» **What is being asked**
Skipping all images, output the listing word for word.

(Data segment Opens)

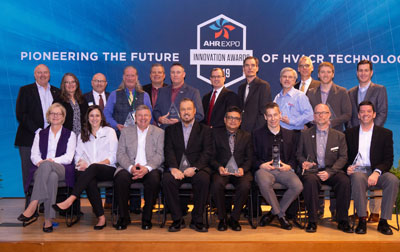 Congratulations to all of the 2019 Innovation Awards Winners! Top row, left to right: Bill Steel, AHRI, Chairman; Sheila Hayter, President, ASHRAE; Bill Steel, AHRI, Chairman; John Hazen White, Jr., Executive Chairman & CEO, Taco Comfort Solutions; Harold Arrowsmith, VP of Mechanical Industrial Sales, Anvil International; Jeff Shaffer, Gruvlok Product Manager, Anvil International; Mark Fisher, President, Dwyer Instruments, Inc.; Paul Selking, Business Leader, Regal®; Robert Moss, Director of Engineering, Dwyer Instruments, Inc.; Mead Rusert, President, Automated Logic Corporation; Dustin Eplee, Energy Wall, LLC; Ed McKiernan, President, Cold Chain, Electronics & Solutions, Emerson.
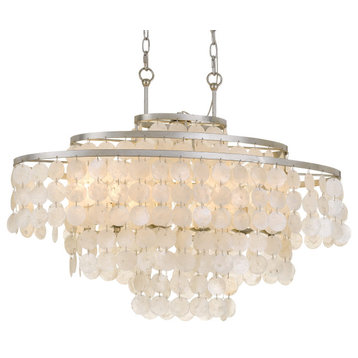 Brielle 6-Light 23" Transitional Chandelier in Antique Silver with Capiz shell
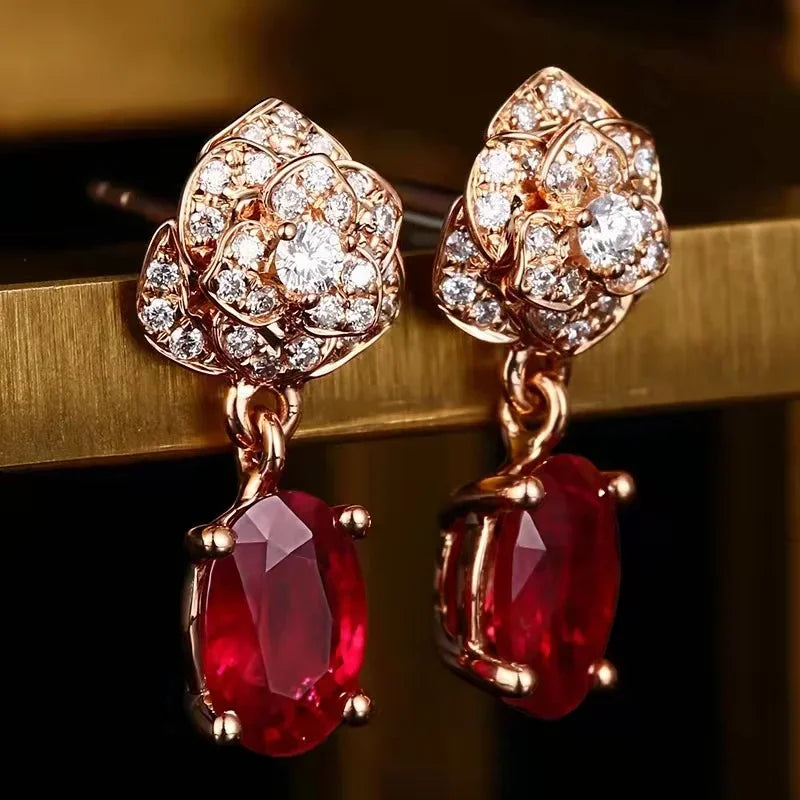 Exquisite Women Gold Plated Red Dangle Earrings for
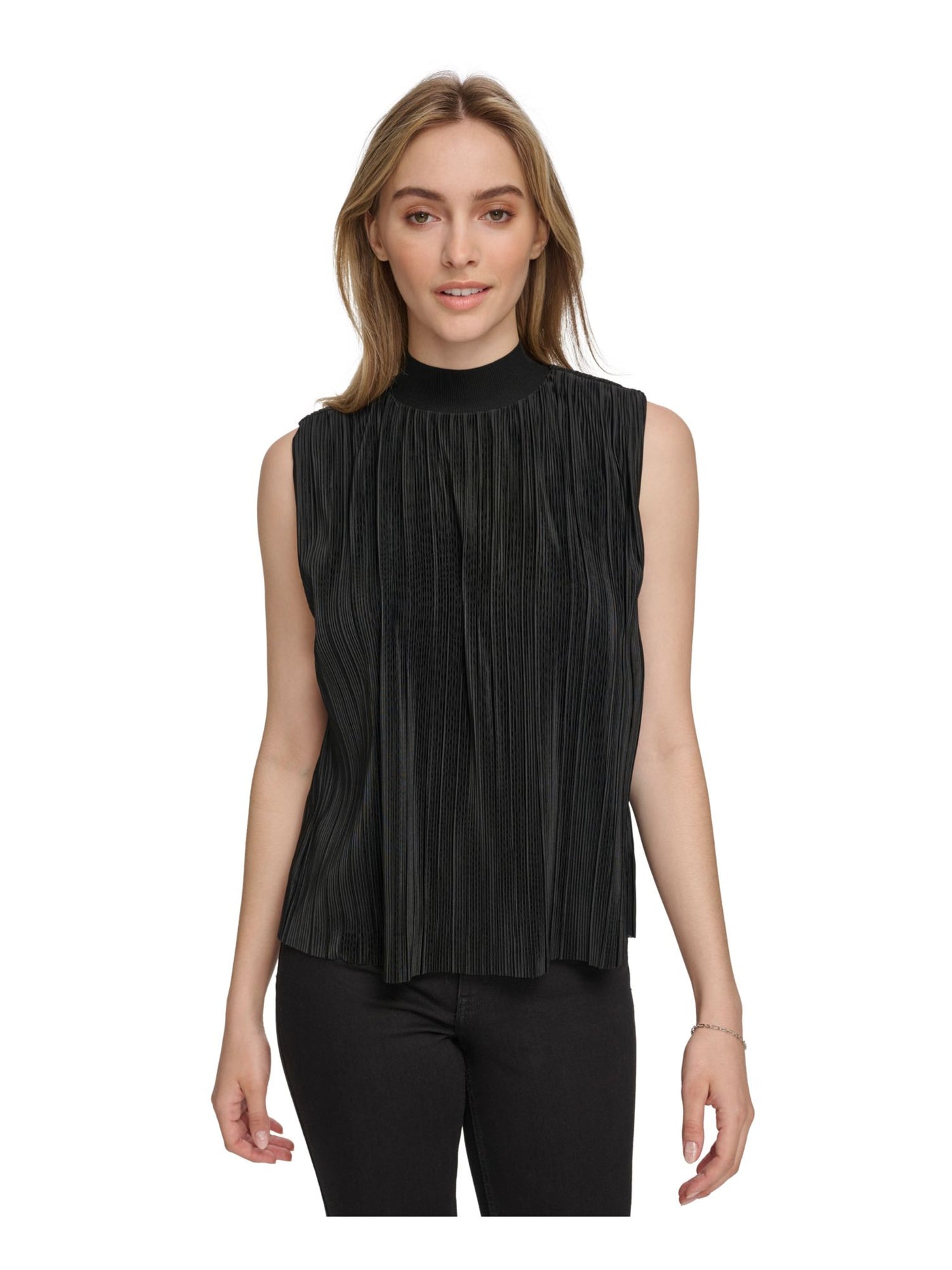 CALVIN KLEIN Womens Black Pleated Zippered Unlined Sleeveless Mock Neck Blouse S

(Data segment Closes)

» **Solution for this exercise**
 Congratulations to all of the 2019 Innovation Awards Winners! Top row, left to right: Bill Steel, AHRI, Chairman; Sheila Hayter, President, ASHRAE; Bill Steel, AHRI, Chairman; John Hazen White, Jr., Executive Chairman & CEO, Taco Comfort Solutions; Harold Arrowsmith, VP of Mechanical Industrial Sales, Anvil International; Jeff Shaffer, Gruvlok Product Manager, Anvil International; Mark Fisher, President, Dwyer Instruments, Inc.; Paul Selking, Business Leader, Regal®; Robert Moss, Director of Engineering, Dwyer Instruments, Inc.; Mead Rusert, President, Automated Logic Corporation; Dustin Eplee, Energy Wall, LLC; Ed McKiernan, President, Cold Chain, Electronics & Solutions, Emerson.
 Brielle 6-Light 23" Transitional Chandelier in Antique Silver with Capiz shell
 Exquisite Women Gold Plated Red Dangle Earrings for
 CALVIN KLEIN Womens Black Pleated Zippered Unlined Sleeveless Mock Neck Blouse S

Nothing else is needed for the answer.